Jalan delapan jalur dengan dua ruas arah itu sangat ramai dengan kendaraan, hiasan lampu yang membentang di atas jalan juga membuat cantik suasana kota. Sementara itu, tatapku terus tertuju pada sebuah jalur trotoar di sisi utara jalan, trotoar itu menuju ke barat. Aku harus melewati trotoar itu dan mencari keberadaan dormitory yang telah kupesan secara daring.

Menyeberang dua kali di bawah pengawasan polisi lalu lintas berperawakan tinggi besar dan berseragam tebal, aku berhasil menggapai pangkal trotoar yang kumaksud. Trotoar itu tampak remang oleh karena cahaya lampu terkalahkan dengan rindangnya pepohonan besar di sisi lain trotoar. Hanya satu dua warga lokal yang melintas di jalan itu.

Rasa takutku telah kalah dengan udara dingin Tashkent, tak ada pilihan selain segera menemukan penginapan itu, sebelum aku membeku di jalanan. Aku terus melangkah cepat, beberapa warga lokal yang berpapasan denganku menaruh tatapan heran. Mungkin mereka jarang menemukan wajah Asia Tenggara di kotanya. Aku hanya melempar senyum membalas tatapan mereka.
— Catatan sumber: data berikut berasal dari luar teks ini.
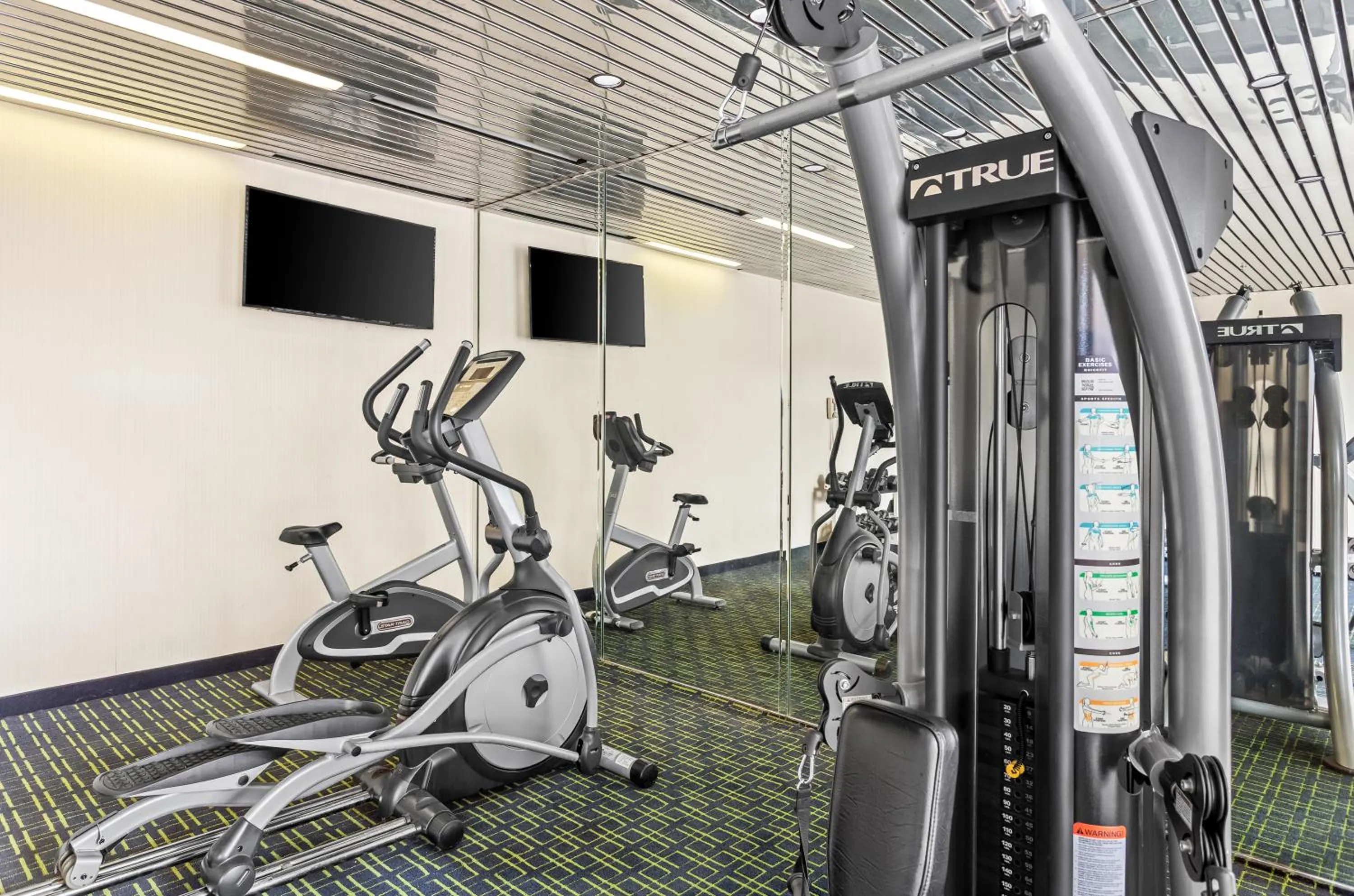 Suburban Studios Charleston - Civic Center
Kusempatkan sesekali mengambil foto di sekitar jalanan hingga langkahku tiba di sebuah gang. Ada pos jaga dengan seorang security yang berjaga, kaca jendela pos itu tertutup rapat demi mencegah udara dingin masuk ke dalamnya.

Sebuah perempatan di Navoiy Shoh Ko’chasi.
Lampu hias di Navoiy Shoh Ko’chasi.
Mencari hostel melalui trotoar itu.
Aku masih penasaran, hostel apakah ini?

Jauh di dalam gang tertera signboard menyala merah bertuliskan “HOSTEL”. Aku yang mencari Paradise Hostel mengindahkan keberadaannya. Aku pun terus melanjutkan langkah, tetapi semakin jauh melangkah, trotoar semakin sepi, juga semakin gelap. Aku mulai khawatir.

Maka kuputuskan untuk kembali ke titik dimana aku melihat tulisan hostel yang kulewati beberapa menit lalu.

Daripada kedinginan, lebih baik aku ke hostel tadi, jika memang bukan Paradise Hostel, aku akan memesan kamar baru di tempat itu”, aku yang menggigil pun telah mengambil keputusan baru.

Aku pun memutar haluan dan melangkah cepat menuju ke hostel yang kumaksud.